**TASK BRIEF**
Please transcribe, word for word, only the lines from the one containing "Nordcross 001 на" through the last line of the records below, both included, and leave out every picture.

[PROVIDED INFORMATION — start]

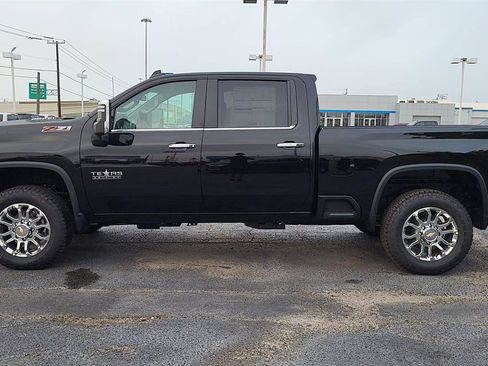 New 2025 Chevrolet Silverado 2500 LT w/ Z71 Chrome Sport Edition image 5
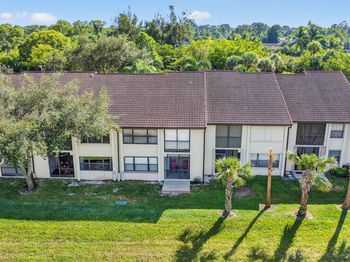 4745 Lucerne Lakes Boulevard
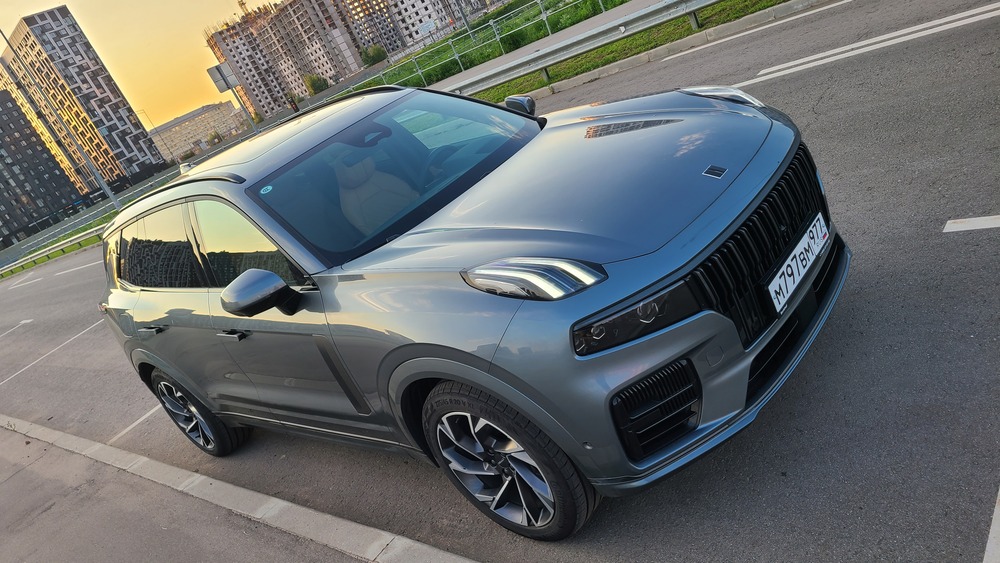 Nordcross 001 на базе Lynk & Co 09 заметили на автовозе. Кроссовер вскоре появится в России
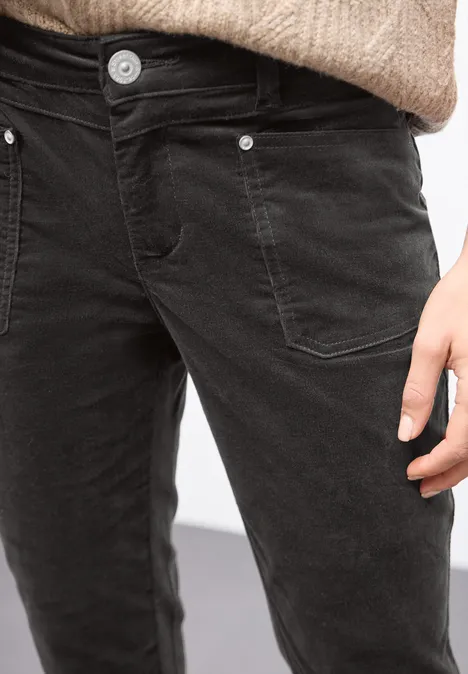 Pantalon en velours côtelé, coupe décontractée darkest brown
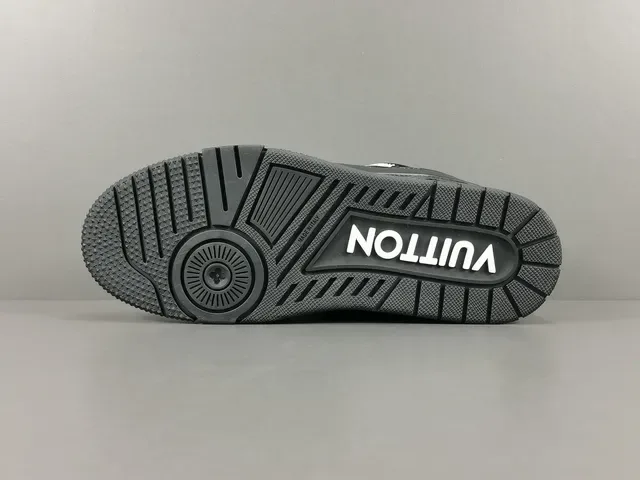 Louis Vuitton LV Trainer Noir Blanc Tige en Cuir-Maille Structurelle Sangle Asymétrique Marquée Sneakers Lifestyle 13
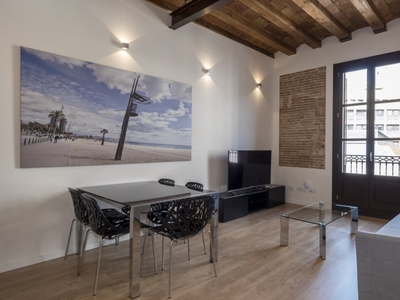 Elegante apartamento de 2 dormitorios en alquiler en El Raval, Barcelona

[PROVIDED INFORMATION — finish]

**WRITTEN SOLUTION**
 Nordcross 001 на базе Lynk & Co 09 заметили на автовозе. Кроссовер вскоре появится в России
 Pantalon en velours côtelé, coupe décontractée darkest brown
 Louis Vuitton LV Trainer Noir Blanc Tige en Cuir-Maille Structurelle Sangle Asymétrique Marquée Sneakers Lifestyle 13
 Elegante apartamento de 2 dormitorios en alquiler en El Raval, Barcelona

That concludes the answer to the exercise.